(Exercise prompt) In the data below, set down exactly the lines from the one containing "Bukan hanya syal" up to and including the one containing "The crash at". Leave the pictures out.

━━━ Provided entries ━━━

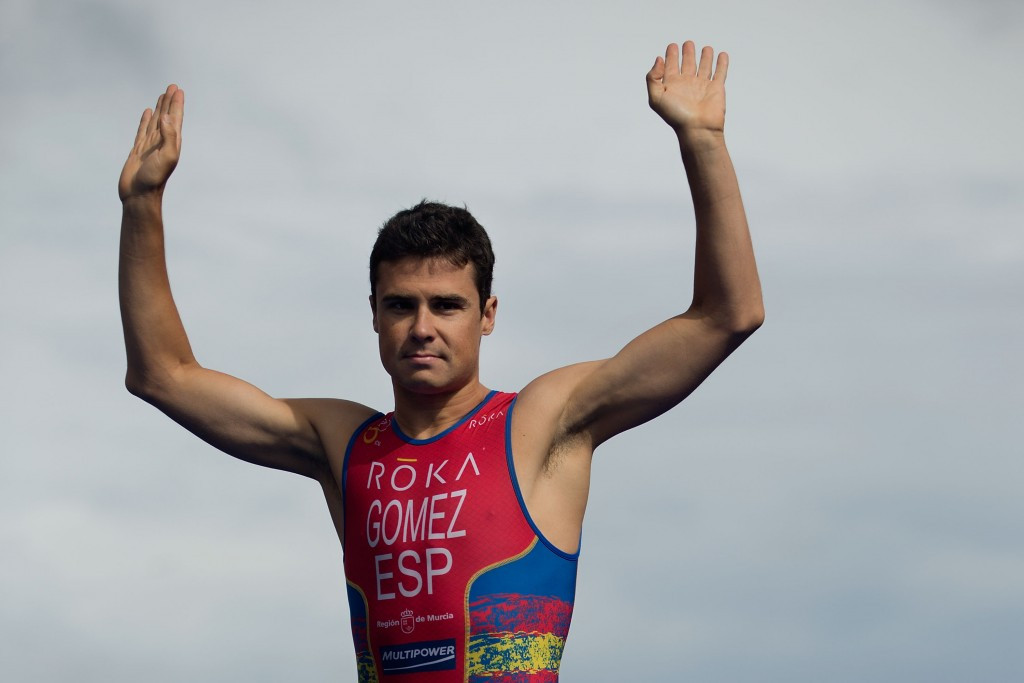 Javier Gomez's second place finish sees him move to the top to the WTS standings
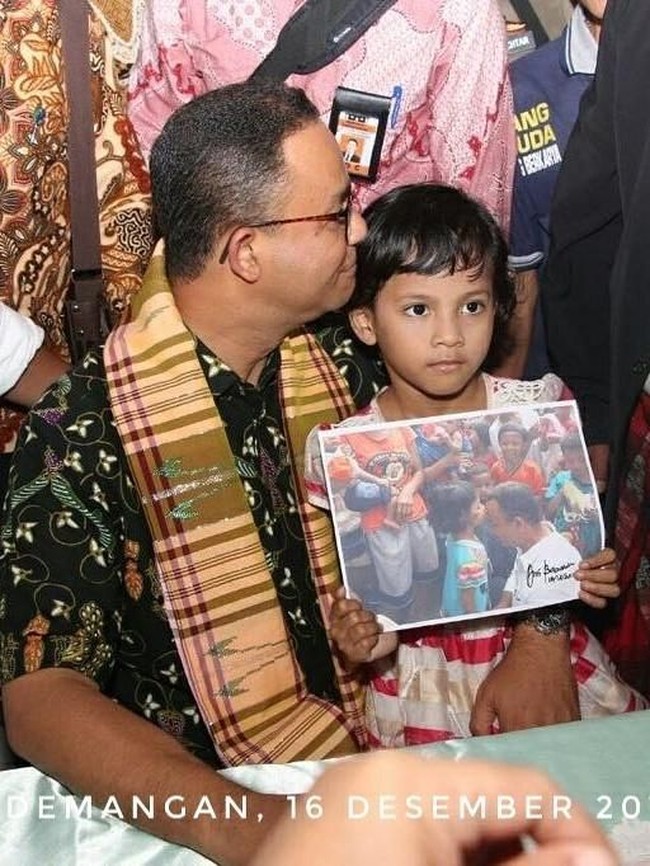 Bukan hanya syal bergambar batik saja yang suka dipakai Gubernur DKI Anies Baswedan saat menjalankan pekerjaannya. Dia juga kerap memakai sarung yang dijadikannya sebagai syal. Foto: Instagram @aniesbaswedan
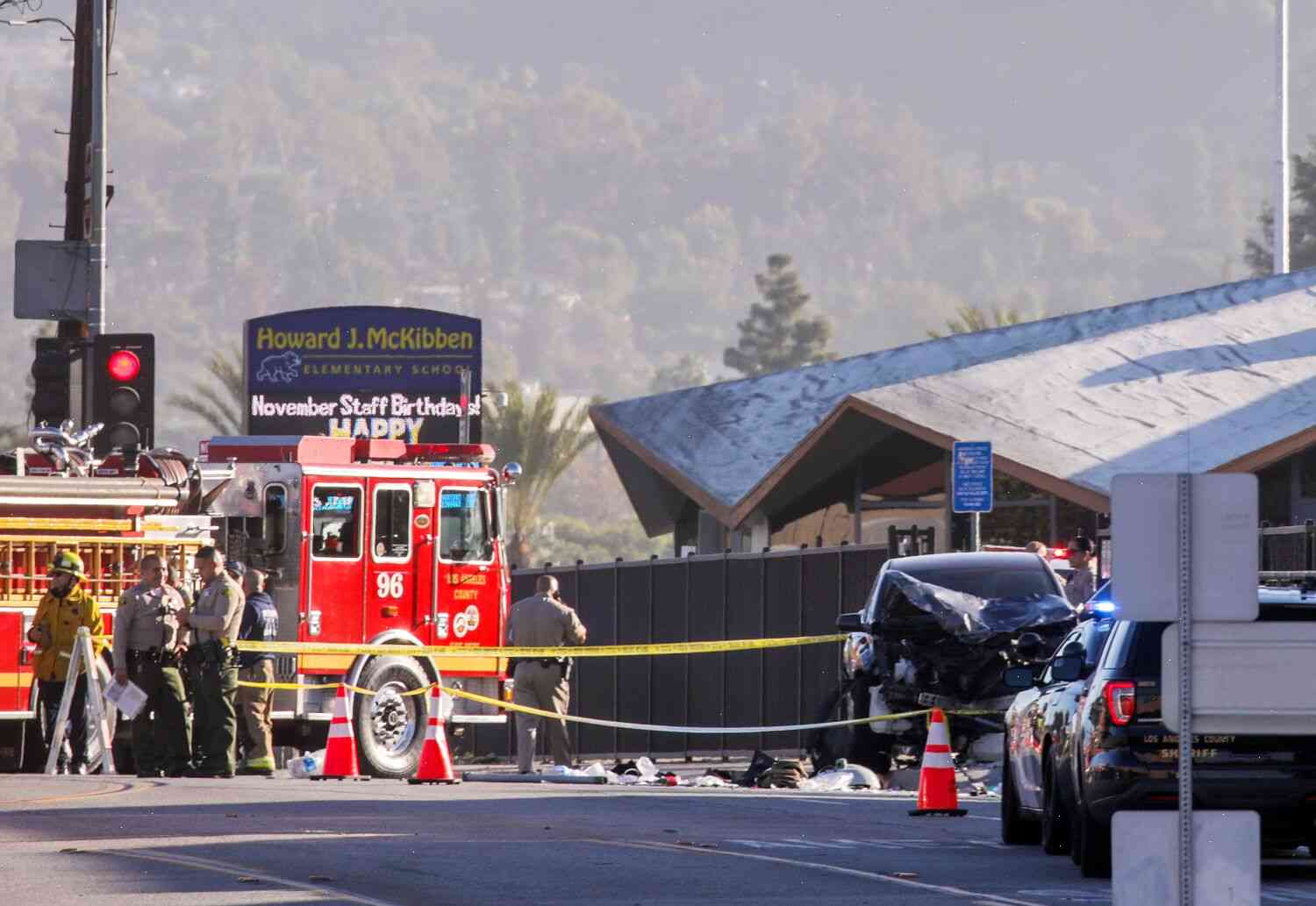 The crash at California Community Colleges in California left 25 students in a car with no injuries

━━━
━━━ Provided entries ━━━

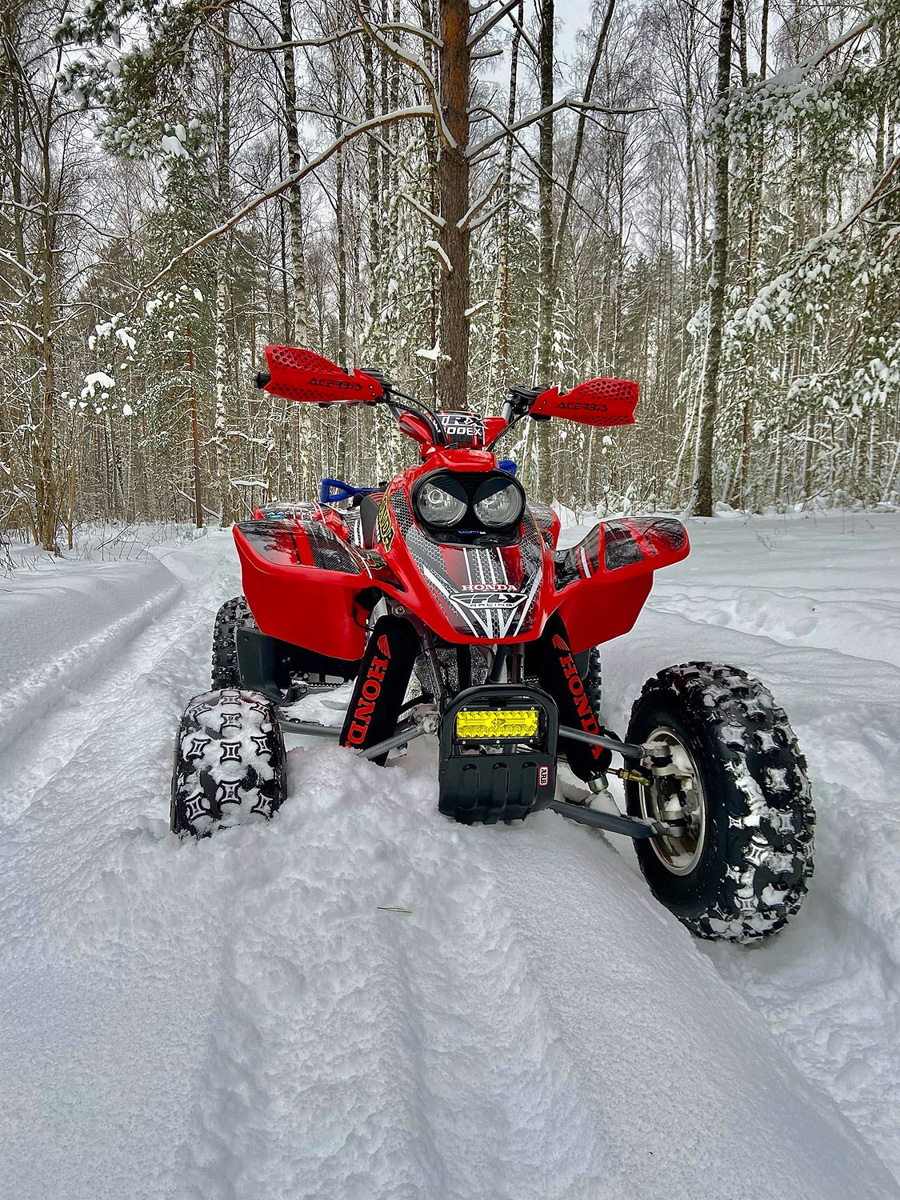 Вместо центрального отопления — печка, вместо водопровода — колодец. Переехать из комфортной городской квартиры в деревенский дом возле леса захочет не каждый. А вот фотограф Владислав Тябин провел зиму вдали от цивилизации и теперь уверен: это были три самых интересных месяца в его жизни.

━━━

(Exercise answer)
 Bukan hanya syal bergambar batik saja yang suka dipakai Gubernur DKI Anies Baswedan saat menjalankan pekerjaannya. Dia juga kerap memakai sarung yang dijadikannya sebagai syal. Foto: Instagram @aniesbaswedan
 The crash at California Community Colleges in California left 25 students in a car with no injuries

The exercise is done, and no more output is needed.